Political Challenges
Ban forestry should be implemented based on studies and planned for the long-term. Politicizing forestry, especially in urban areas, could distort the city’s plan and ruin its long-term plan. The new green legacy led Prime Minister Abiy Ahmed to initiate a campaign to plant 4 billion seedlings in 2019 across Ethiopia, including more than one million seedlings distributed to Addis Ababa City by the River Basin and Green Areas Development Administration Agency. This specific campaign is simultaneously a positive initiative and a challenge. Urban forestry needs a long-term plan; the tree campaign rather focused on a speedy planting of trees, regardless of species or local microclimate. A well-thought-out urban forestry tree campaign needs proper planning, including the identification of species, matched to appropriate sites in advance, and the raising of seedlings in advance. Seedlings were distributed to all sub-cities, but the plantation sites were not planned in advance.
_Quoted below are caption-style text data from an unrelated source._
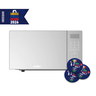 C_Mabe_Horno_Microondas_Gris_HMM07SBW_Obsequio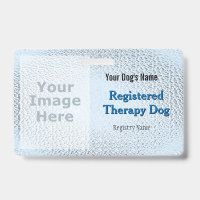 Registrierter therapeutischer Hund - Light Blue Ab
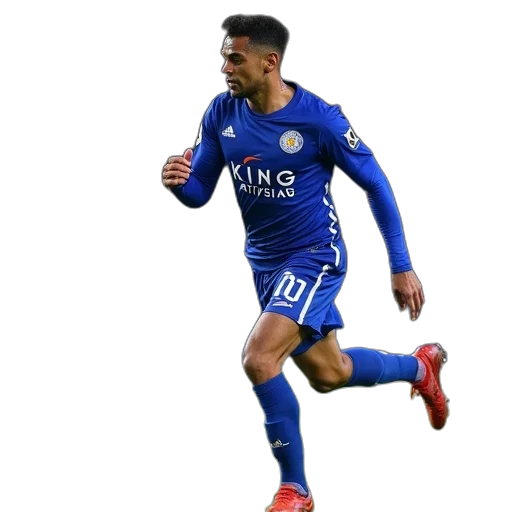 leicester, city, forward, stephen transparent PNG cut-out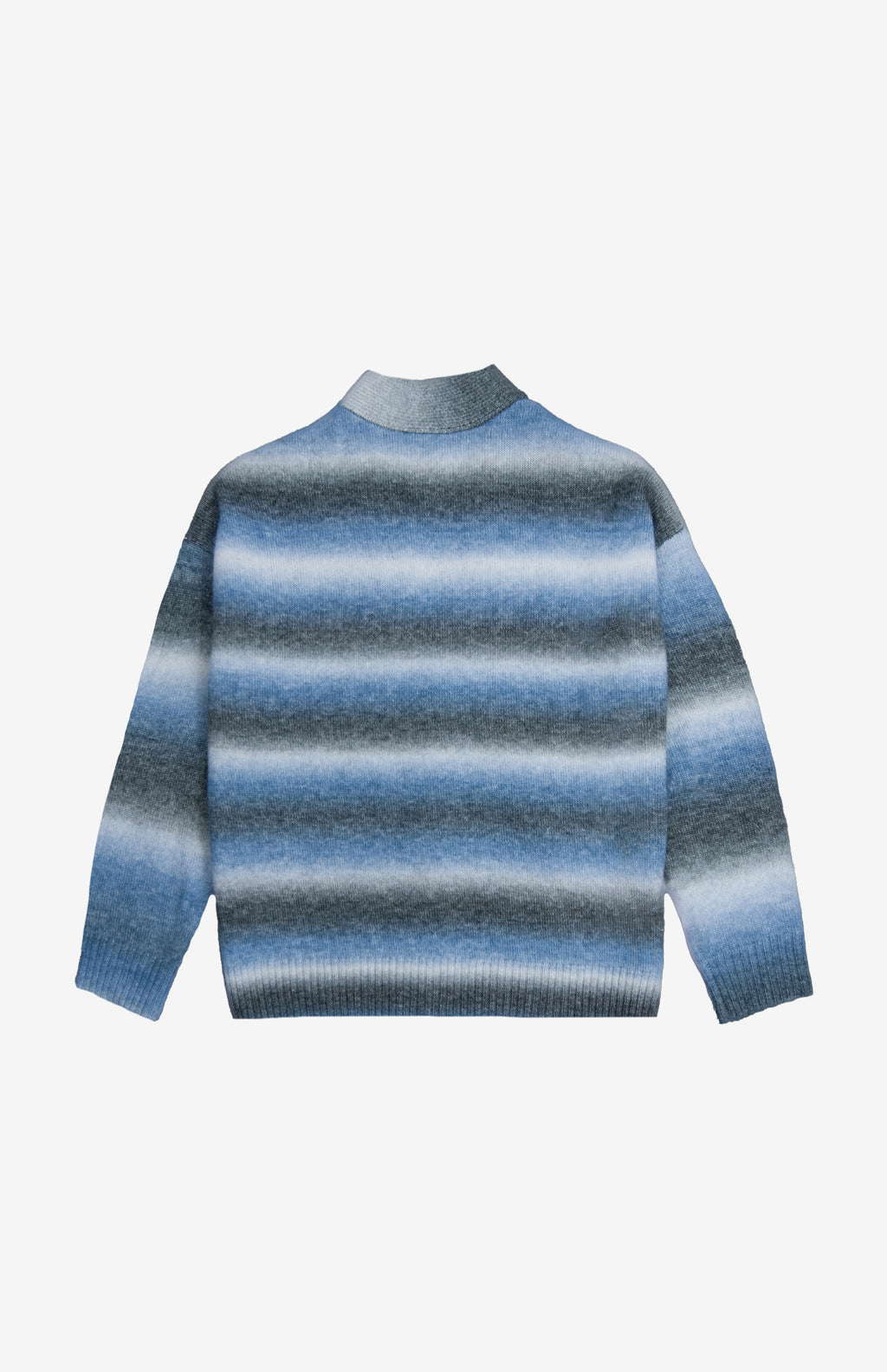 Gradient Knitted Cardigan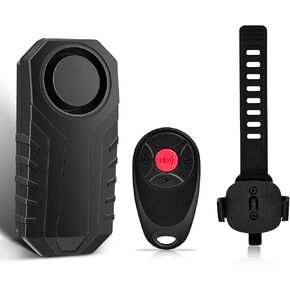 113dB Bike Alarm Anti Theft with Remote,1PK in Kuwait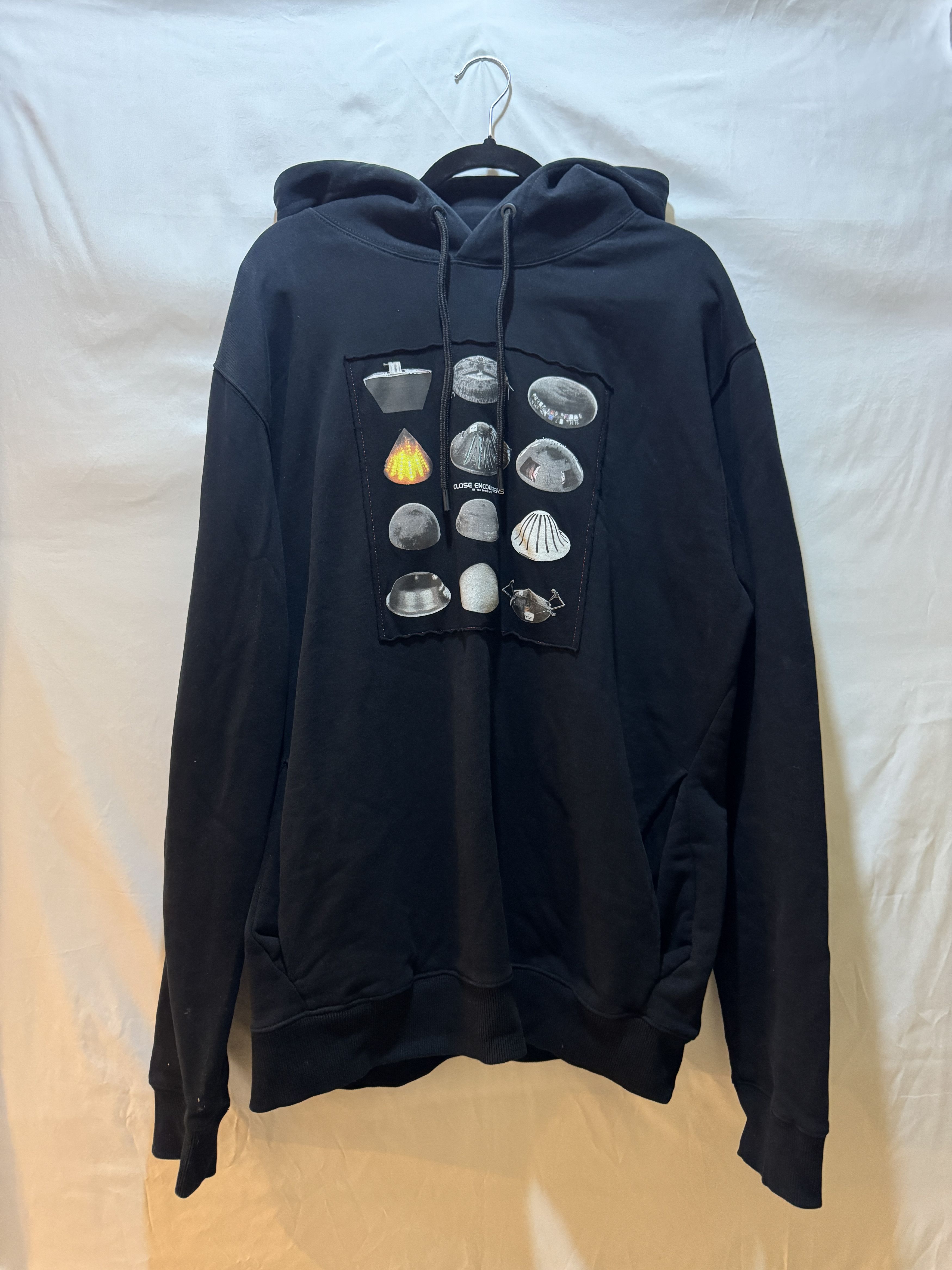 Marcelo Burlon Marcelo Burlon x Close Encounters Hoodie Size US XL / EU 56 / 4 - 1 Thumbnail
Figure 4 shows that the seedlings are planted on the road median, which is not planned to be a median; it is designated as the route for an extension of the railway in the city’s masterplan. It is obvious that these seedlings will be uprooted in the near future once construction commences. This shows that political engagement to receive a public hearing is a challenge for planning and implementing green spaces without contradicting with the masterplan.
Social Challenges
Society’s lack of awareness of green spaces is aggravated by the ongoing rapid urbanization taking place, with it encroaching on green spaces. As shown in Figure 5, the urban population settlement critically reduces the existing green space as people move to the periphery at the expense of green areas (peri-urban forest areas). The urban population is moving toward the southern part of Addis Ababa, with agricultural fields around Kality being converted into residential areas. Development, including a highway and condominiums, is driving the expansion of the city into agricultural green space around the city.
Economic Challenges
Addis Ababa’s unemployment rate is high at 23%, with 28% of the population living below the absolute poverty line. Double-digit inflation hit a high of 38% in 2018 and 2019, and life is increasingly expensive. This economic development has direct and indirect impacts on the city’s green spaces. As per the discussion with the key informants, the riverside of Addis Ababa is encroached upon illegally by the poor, while river buffer development is challenged by the economic situation of city residents. Furthermore, city dwellers in Addis Ababa engage in fuelwood collection from its green spaces, a problem that is especially acute in the northern part of the city.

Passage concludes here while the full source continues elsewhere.